If you want to buy nib sections (as opposed to making your own), I bought a couple from Berea Hardwoods From memory, the ones I bought required me to use a 10mm x 1.0 tap to cut threads into the barrel. Then I got the bug and started making the sections too, just buying in the nib & housing. (Yet another tap that I just had to buy ...)


----------



## Schroedc (Jan 14, 2014)

duncsuss said:


> Very nice ... there might be a shortcut here or there, but I don't want to encourage you to buy kits (even if you are doing it just to cannibalize them for the threaded couplings!)
> 
> If you want to buy nib sections (as opposed to making your own), I bought a couple from Berea Hardwoods From memory, the ones I bought required me to use a 10mm x 1.0 tap to cut threads into the barrel. Then I got the bug and started making the sections too, just buying in the nib & housing. (Yet another tap that I just had to buy ...)

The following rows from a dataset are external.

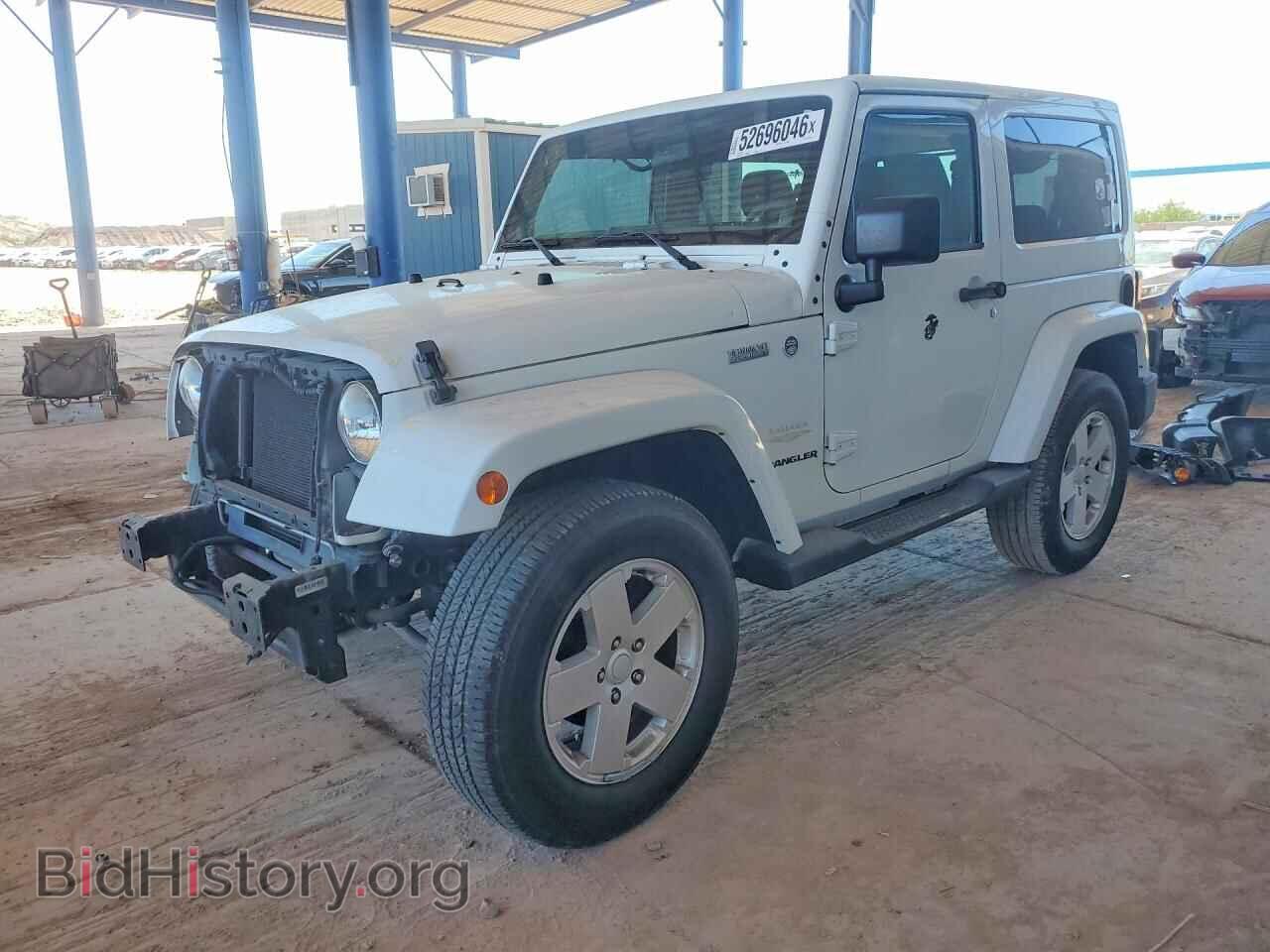 Photo 1J4GA5D19BL559134 - JEEP WRANGLER 2011
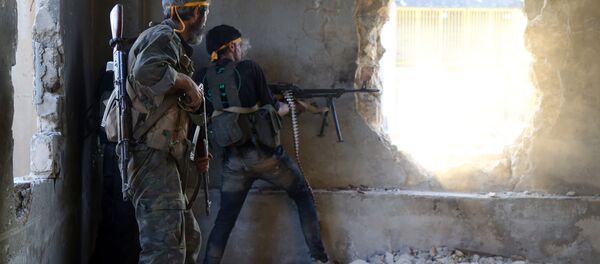 Pobunjenici pucaju na vladine snage u Ramuši, na jugozapadu Alepa. Pobunjenici pucaju na vladine snage u Ramuši, na jugozapadu Alepa. - Sputnik Srbija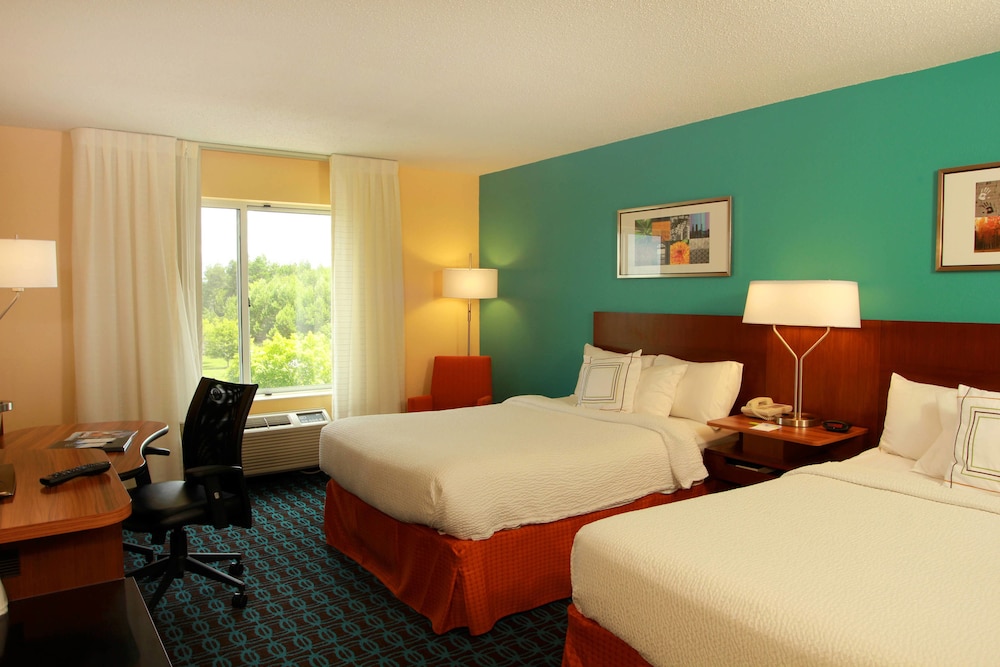 Room, 2 Double Beds (Mobility/Hearing Accessible, Tub) photo 1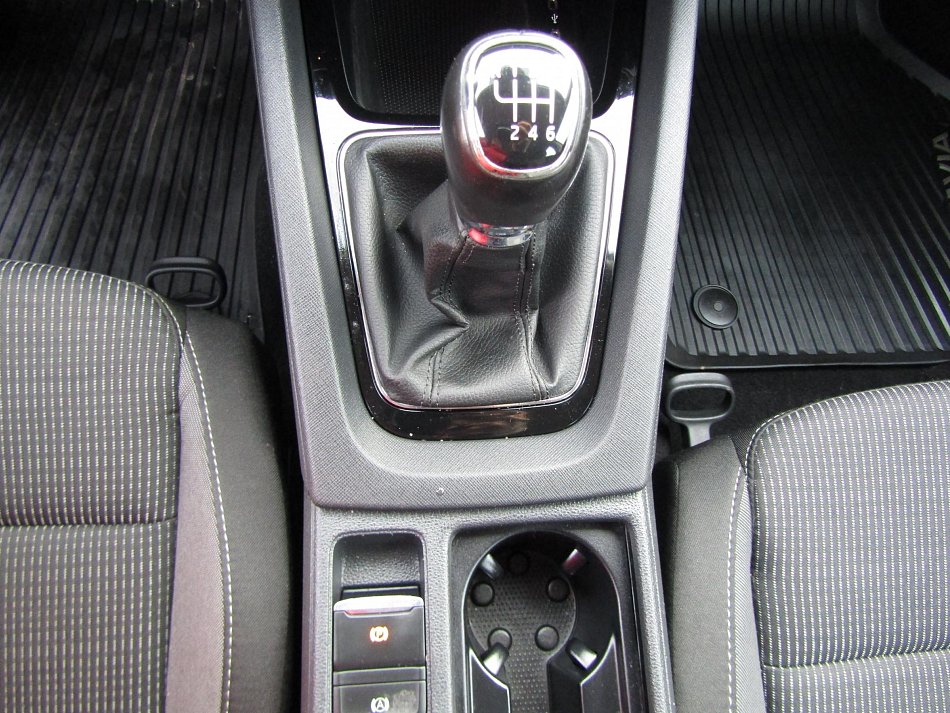 Škoda Octavia IV 2.0 TDi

Thanks for the encouragement, Yes, eventually I'd want to get away from any kit parts, I'll have to look into those sections as that might be a good first step. This was just an experiment to see if I could come up with something new and different


----------



## duncsuss (Jan 14, 2014)

Schroedc said:


> This was just an experiment to see if I could come up with something new and different



In my eyes, you succeeded

Reactions: Like 1


----------



## Wildthings (Jan 14, 2014)

Duncan can you show a picture of one of your sections


----------



## duncsuss (Jan 14, 2014)

Wildthings said:


> Duncan can you show a picture of one of your sections



I don't want to hijack Colin's thread ... I'll start a new one


----------



## rdabpenman (Jan 15, 2014)

Looks great from here.
Very nicely done.
Great looking blank too.

Les

Reactions: Like 1


----------